There is sand in the wind. Fine grains sting the eyes of children virgin to this golden coast. Ah, but I am savvier. I shield my face with curved palms whenever a crafty gust comes a'calling.
This is Great Yarmouth, a Norfolk coastal resort so close to its neighbouring county, it could easily dip its toes into rival waters, but doesn't for fear of the nasty nip of a Suffolk crab. We visit this town every summer. I have no choice in the matter. I am a mere child, not yet into double figures. Every year, the same holiday camp, same week, same everything. My parents are Mr and Mrs Routine. You could set clocks by them.
I love to explore. Sometimes I disappear for hours. I return when I'm hungry. My folks don't notice my absence. My mother is too busy trading white skin for brown. My father is too busy doing nothing in particular.

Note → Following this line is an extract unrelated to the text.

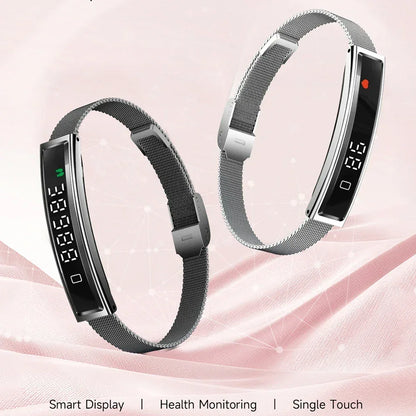 2026 New Fashion Women Smart Bracelet Sport Mode Fitness Tracker Heart Rate Health Monitoring IP68 Waterproof Smart Watch Men - Urbizia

I climb the mighty sand dunes that dominate this weathered landscape. Giant tuffets of lofty grass cling on for dear life, the only green amidst a never-ending blanket of pale yellow. I conquer the summit with ease. I am the king of my sandcastle, and from my golden throne I look out to sea. A faraway fishing boat rests upon the horizon. I wonder why it doesn't fall off the edge. Maybe it will if I watch long enough.
I notice an oddity beside a tuffet. With eager hands, I spade away the sand that conceals this secret treasure. Oh, wow, it's a huge metal chain, the size of which I have never before seen. I tug, I pull, I heave, but this chain is going nowhere.
The shadow of my father darkens my sun. He warns me to leave well alone. 'This chain is connected to the biggest plug in the world,' he explains. 'If you pull too hard, the sea will gurgle down the plughole and drain to nothing.'
I tell him I'm sorry. We bury my find deep in the sand. And we leave the beach in search of fish and chips.
Twenty years on, I am that father. My boy has been quiet for far too long. In my head, alarm bells scream for attention. I am no longer busy doing nothing in particular as I scale the grassy dunes and catch him in the act. Like father like son, he has discovered my secret.
I explain, 'This chain is connected to the biggest plug in the world. If you pull too hard, the sea will gurgle down the plughole and drain to nothing.'
He tells me he's sorry. We bury his find deep in the sand. And we leave the beach in search of fish and chips.
One day, before I grow too frail, I will return to those dunes and pull that chain. And on that day, curiosity will triumph. So if the sea ever gurgles down the plughole and drains to nothing, you'll know who to blame.